# Having a Toilet Replaced



## debodun (Oct 20, 2020)

I am seriously thinking about having my toilet replaced - it's disgusting because of and water and iron deposits.



I contacted a plumber and he said that if I buy and have the toilet ready, he would install it. There's no way I can transport a whole toilet. Have it delivered you say? Not an option either.

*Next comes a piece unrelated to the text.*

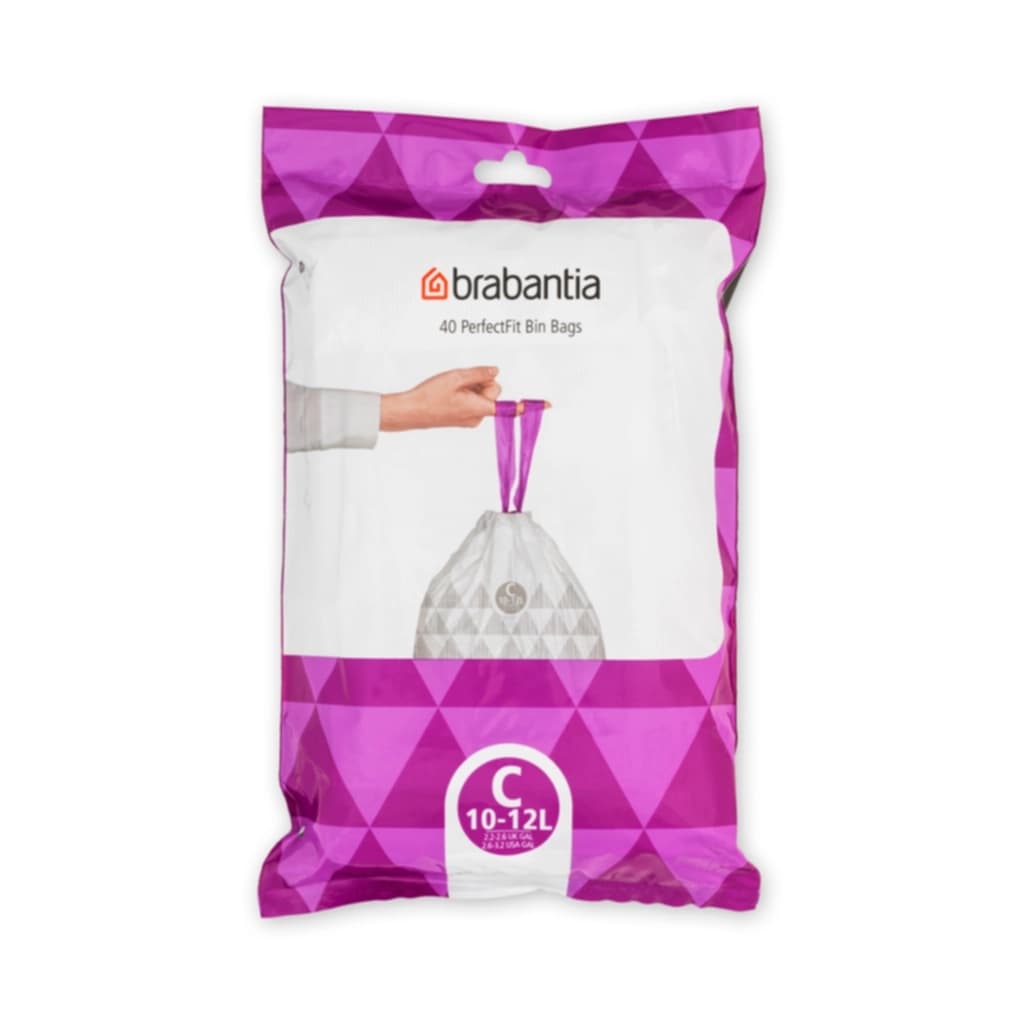 Avfallspåsar Brabantia PerfectFit C, 10-12 l Dispenser, 40 p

Why can't the plumber get it and just add it to the bill?


----------



## Pepper (Oct 20, 2020)

Tell the plumber you're an old, disabled person and you can't do it.  Ask him to do it.
Ps-- WHY can't it be delivered?  Don't you have a major chain store around?


----------



## jerry old (Oct 20, 2020)

Lime-aWay, toliet cleante, better the CRL (or is it CLR) absolutely top drawer.


----------



## Myquest55 (Oct 20, 2020)

Any plumber I have worked with would bring it.  Ask him, if you pick it out and pay for it (at Lowes or Home Depot) - could he pick it up and bring it?   If not - get a new plumber.  There are MANY different designs and perhaps he doesn't want to make that choice FOR you.  We like the ones that sit higher - so you don't have to squat but to each his own.


----------



## Aneeda72 (Oct 20, 2020)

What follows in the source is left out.